(1) Field of the Invention
The invention relates to high-speed underwater vehicles and is directed more particularly to supercavitating vehicles that move in a cushion of air underwater, and to an on-board assembly and method for measurement of the speed of the vehicle through a water environment.
(2) Description of the Prior Art
Recent investigations into high speed underwater vehicles have focused attention on providing vehicles that ride in a cushion of air to achieve high speeds in water. For a nominal prior art streamlined, fully wetted underwater vehicle, 70% of the overall drag is skin friction drag, the remainder is pressure or blockage drag. Supercavitation allows for much higher speeds to be sustainable by eliminating, or at least substantially reducing, skin friction drag. The conditions for supercavitation require that enough energy be put into the water to vaporize a given volume of water through which the vehicle travels. This is done by accelerating fluid over a sharp edge, usually the nose of a vehicle, such as a torpedo, so that the pressure drops below the vapor pressure of water. If the speed of the object is not fast enough to travel through the vapor cavity before the cavity collapses, artificial ventilation into the cavity can keep the cavity “open” until the object moves past. When a cavity completely encapsulates an object, by vaporous and/or vented cavitation, it is referred to as “supercavitation”. The vehicle nose, or “cavitator”, and aft control surfaces, are the only parts of the vehicle in constant contact with the water through which the vehicle travels. The cavity closure typically is positioned just forward of the aft control surfaces.
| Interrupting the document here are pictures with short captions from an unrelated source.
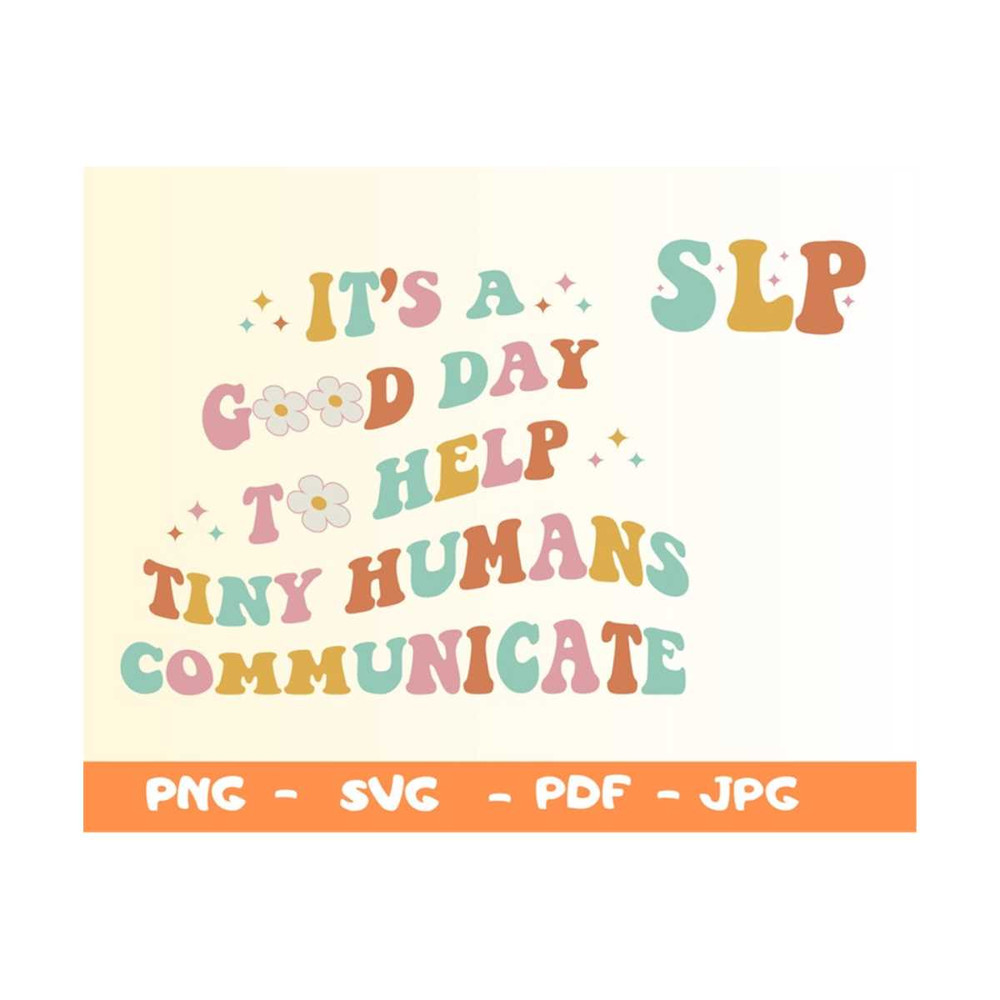 MR-149202316162-its-a-good-day-to-help-tiny-humans-communicate-shirt-image-1.jpg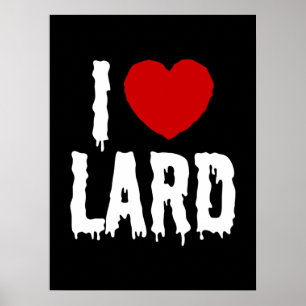 ICH HERZ [LIEBE] LARD POSTER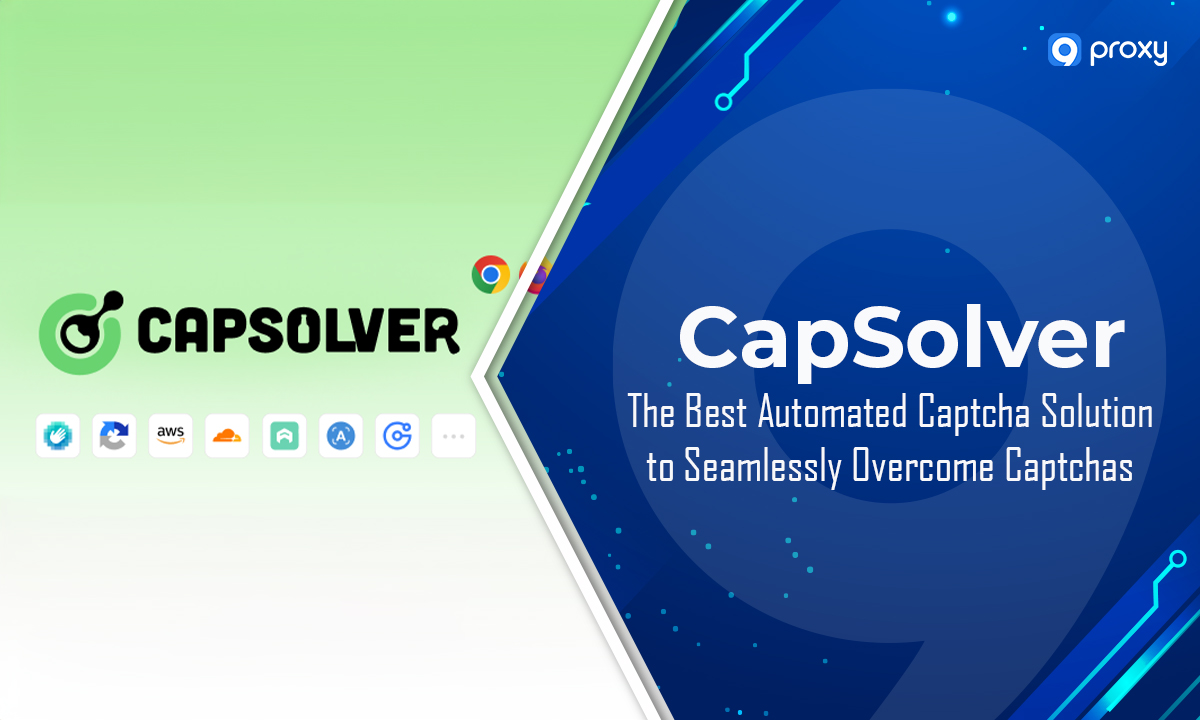 CapSolver | The Premier Solution for Automated Captcha Resolution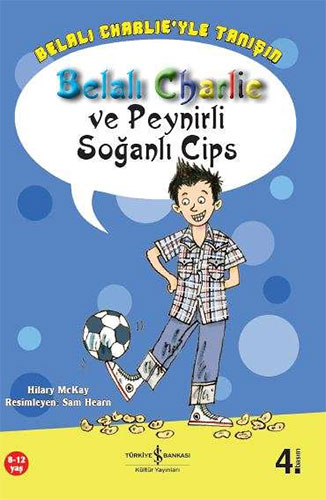 Belalı Charlie ve Peynirli Soğanlı Cips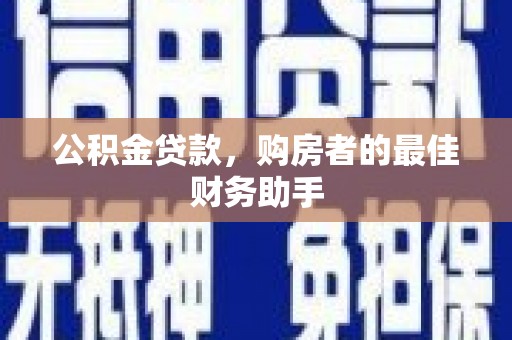 东兴公积金贷款，购房者的最佳财务助手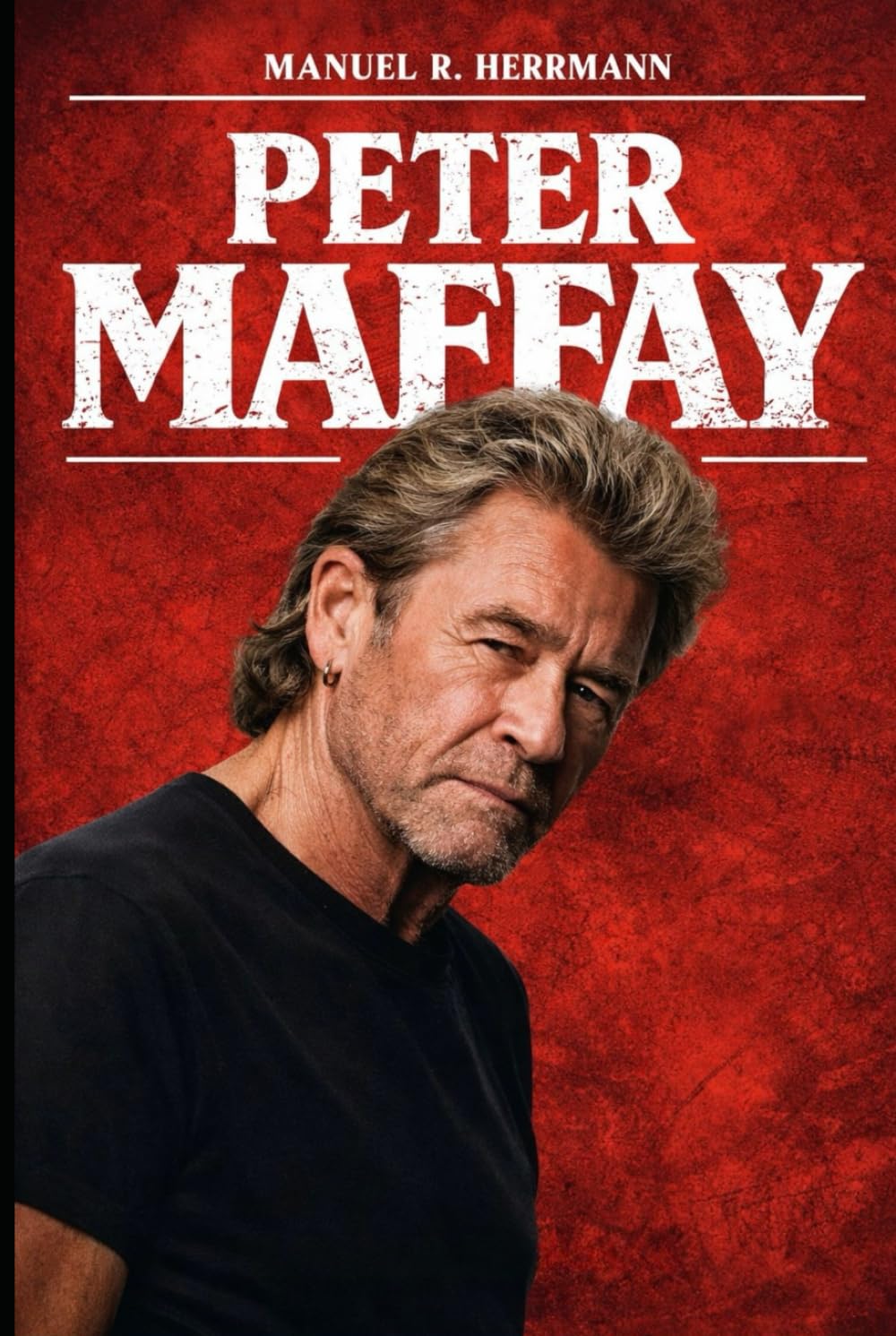 Die Biografie von Peter Maffay: Die Reise einer Stimme, die Generationen definierte: Musik, Leben und Vermächtnis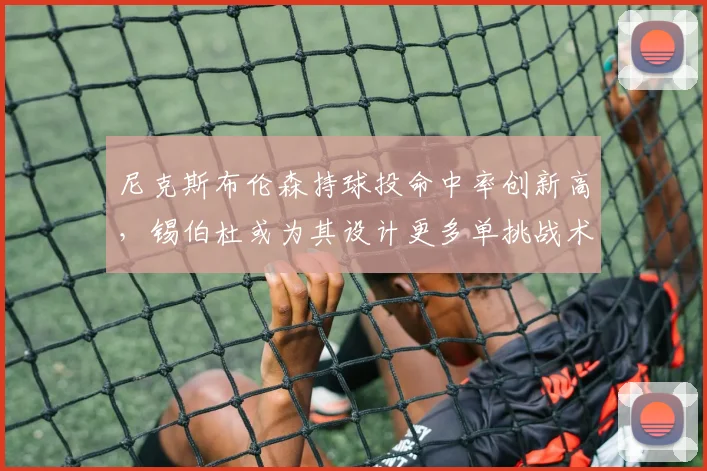 尼克斯布伦森持球投命中率创新高，锡伯杜或为其设计更多单挑战术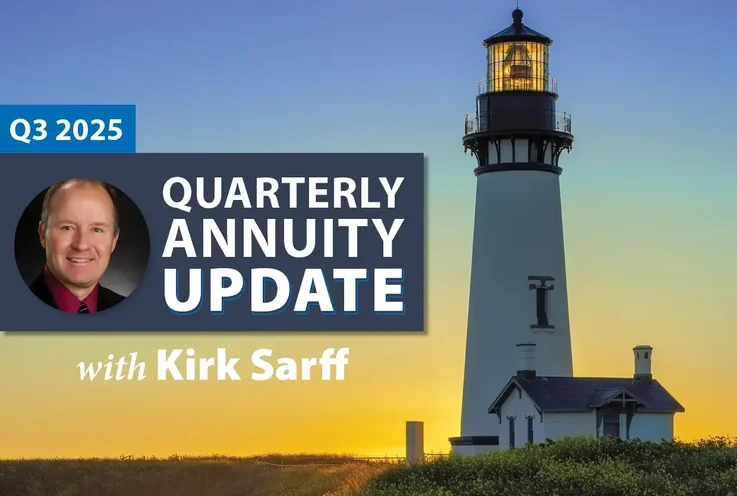 Quarterly Annuity Update with Kirk Sarff | Q3 2025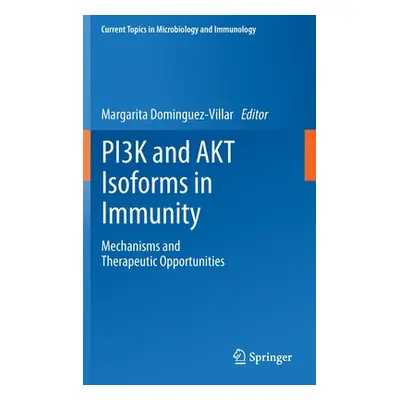 "Pi3k and Akt Isoforms in Immunity: Mechanisms and Therapeutic Opportunities" - "" ("Dominguez-V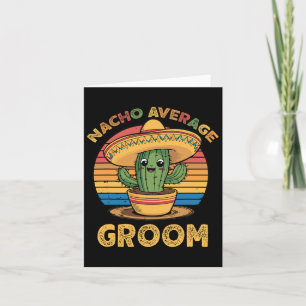 Tarjeta Novio promedio nacho mexicano cinco de mayo divert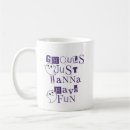 Search for have no fun mugs Typography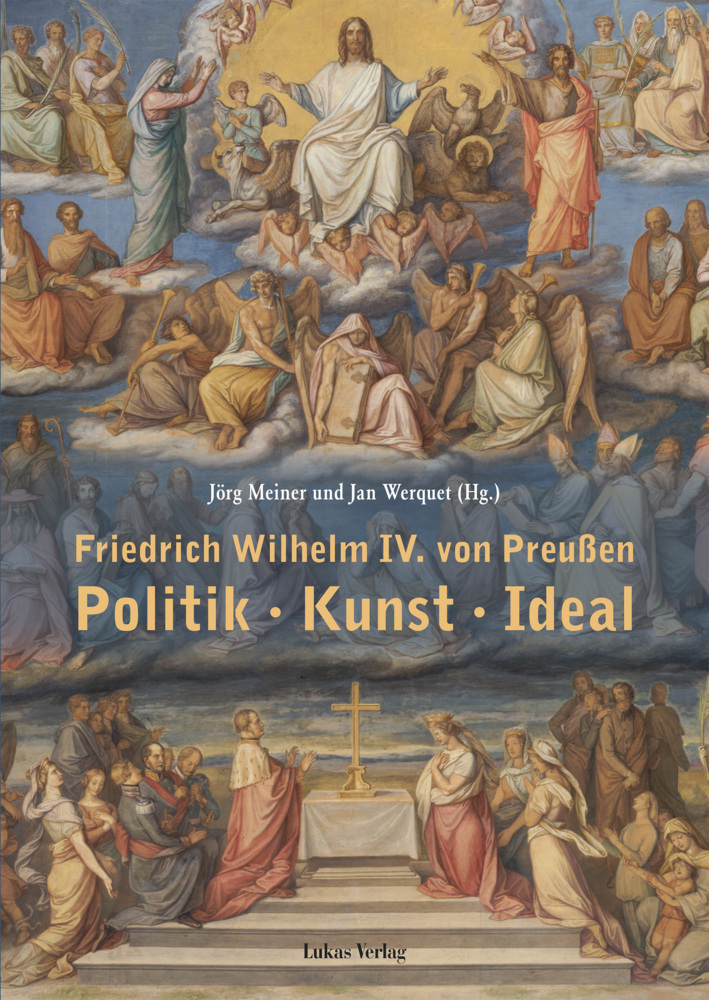 Cover: 9783867321761 | Friedrich Wilhelm IV. von Preußen. Politik - Kunst - Ideal | Buch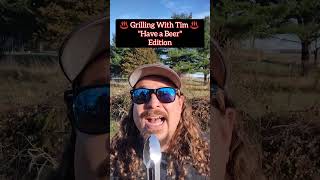 Grilling With Tim  quotHave a Beerquot Edition haveabeer originalsong [upl. by Clercq]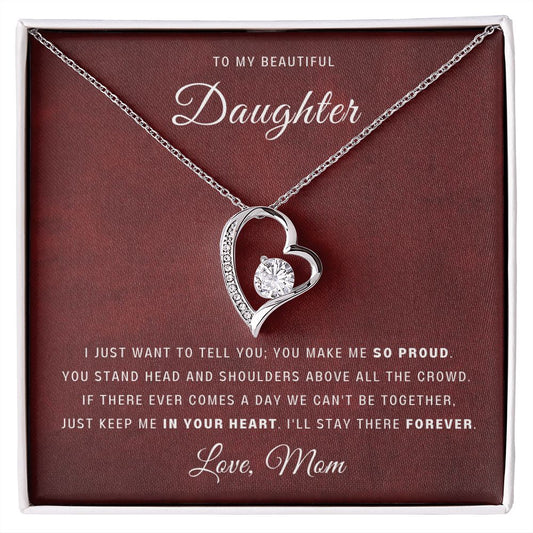 To My Beautiful Daughter You Make Me So Proud Forever Love Necklace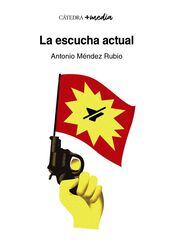 La escucha actual La escucha actual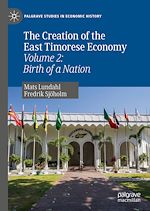 Télécharger le livre :  The Creation of the East Timorese Economy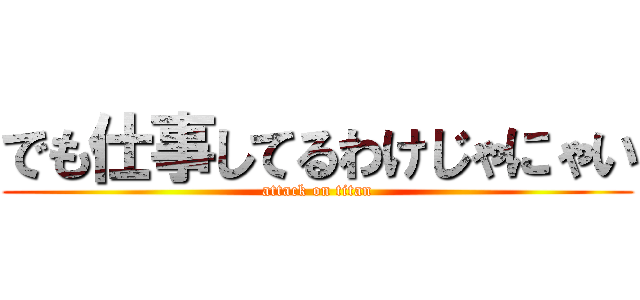 でも仕事してるわけじゃにゃい (attack on titan)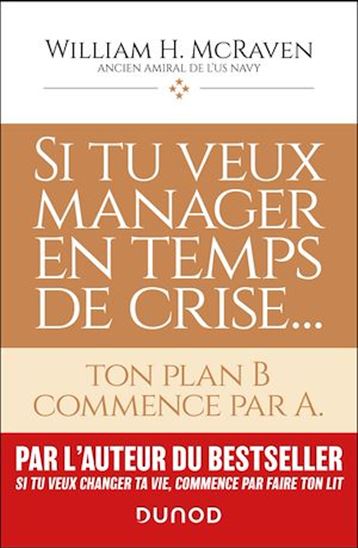 Si tu veux manager en temps de crise... - WILLIAM H MCRAVEN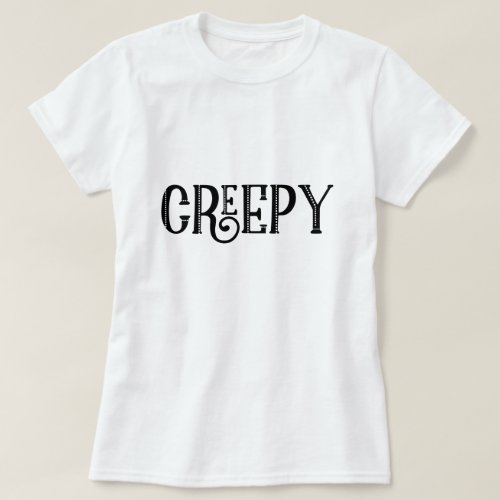 CREEPY Black White Whimsical Vintage Typography T_Shirt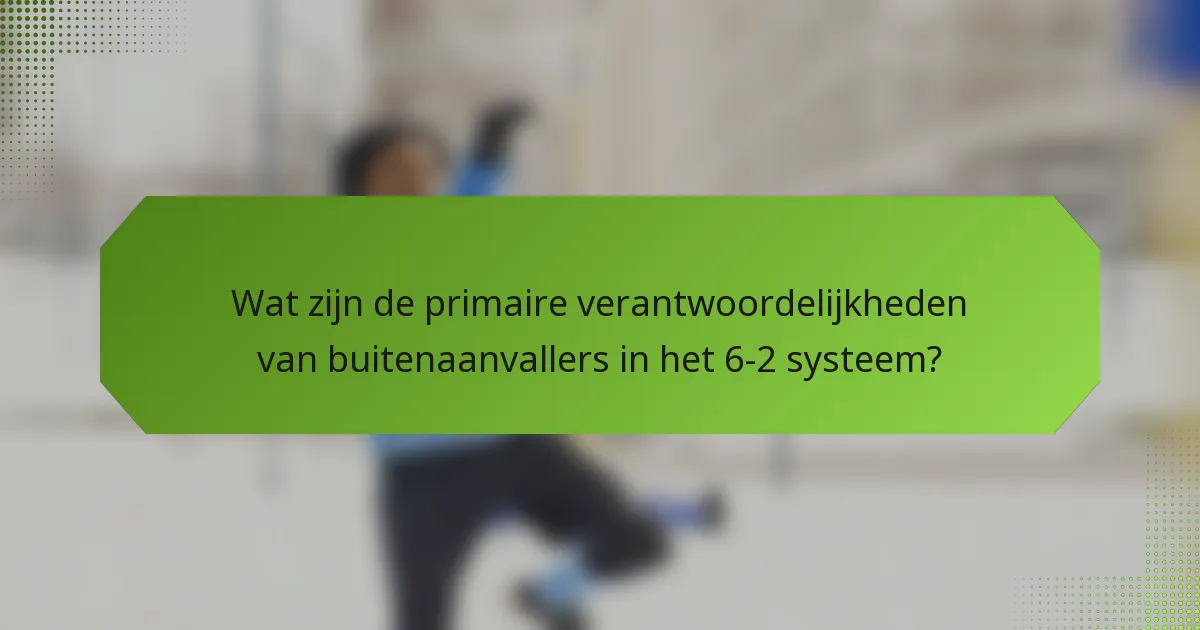 Wat zijn de primaire verantwoordelijkheden van buitenaanvallers in het 6-2 systeem?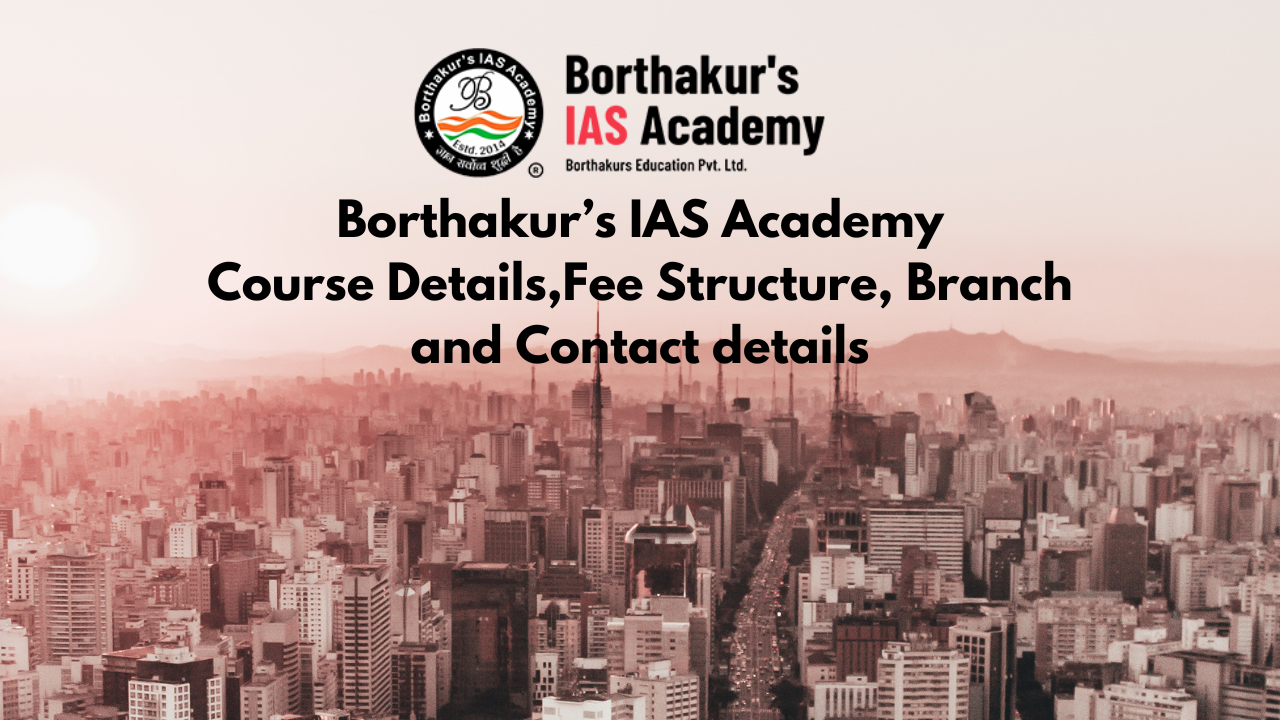 Borthakur IAS Academy- Course Details, Fees, Reviews And Contact Details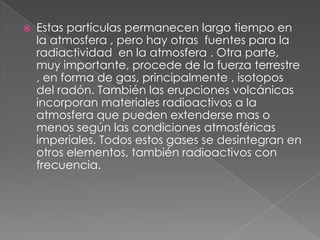    Estas partículas permanecen largo tiempo en
    la atmosfera , pero hay otras fuentes para la
    radiactividad en la atmosfera . Otra parte,
    muy importante, procede de la fuerza terrestre
    , en forma de gas, principalmente , isotopos
    del radón. También las erupciones volcánicas
    incorporan materiales radioactivos a la
    atmosfera que pueden extenderse mas o
    menos según las condiciones atmosféricas
    imperiales. Todos estos gases se desintegran en
    otros elementos, también radioactivos con
    frecuencia.
 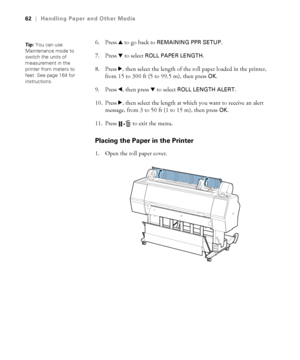 Page 6262
62|Handling Paper and Other Media
6. Press u to go back to REMAINING PPR SETUP.
7. Press d to select 
ROLL PAPER LENGTH. 
8. Press r, then select the length of the roll paper loaded in the printer, 
from 15 to 300 ft (5 to 99.5 m), then press 
OK.
9. Press l, then press d to select 
ROLL LENGTH ALERT. 
10. Press r, then select the length at which you want to receive an alert 
message, from 3 to 50 ft (1 to 15 m), then press 
OK.
11. Press   to exit the menu. 
Placing the Paper in the Printer
1. Open...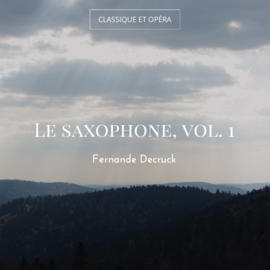 Le saxophone, vol. 1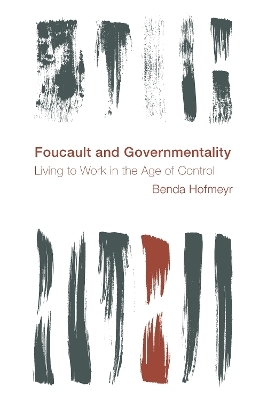 Foucault and Governmentality - Benda Hofmeyr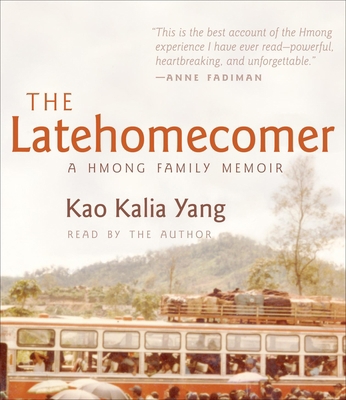 The Latehomecomer: A Hmong Family Memoir 1611744490 Book Cover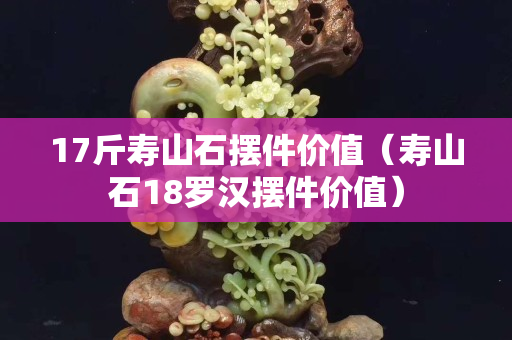 17斤寿山石摆件价值（寿山石18罗汉摆件价值）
A supercavitating vehicle achieves high speed by minimizing the wetted contact area. The entire vehicle, with the exception of the cavitator and the aft control surfaces, is not in contact with the water through which the vehicle moves. The optimal use of this small wetted contact area presents problems with respect to cavity formation means and vehicle control systems, all of which must be disposed in this limited space. Traditional homing systems require surface space in order to function. However, in supercavitating vehicles, the use of the cavitator surface as a velocity sensor is impractical. Further, the lack of wetted contact areas means traditional methods of using dynamic fluid pressure for determining speed are not practical. In as much as supercavitating vehicle technology is in its early stages of development, a complete understanding of vehicle propulsion and hydrodynamics is insufficient to determine vehicle velocity from on-board sensing of fuel consumption, ventilation gas flow rates, and the like.
Accordingly, there is a need for a sensor assembly and method for determining the speed of a supercavitating underwater vehicle, as the vehicle travels through water. There is further a need for such an assembly as can be carried on-board the vehicle.
There is similarly a need for a method for determining the speed of the vehicle through water, using on-board sensors.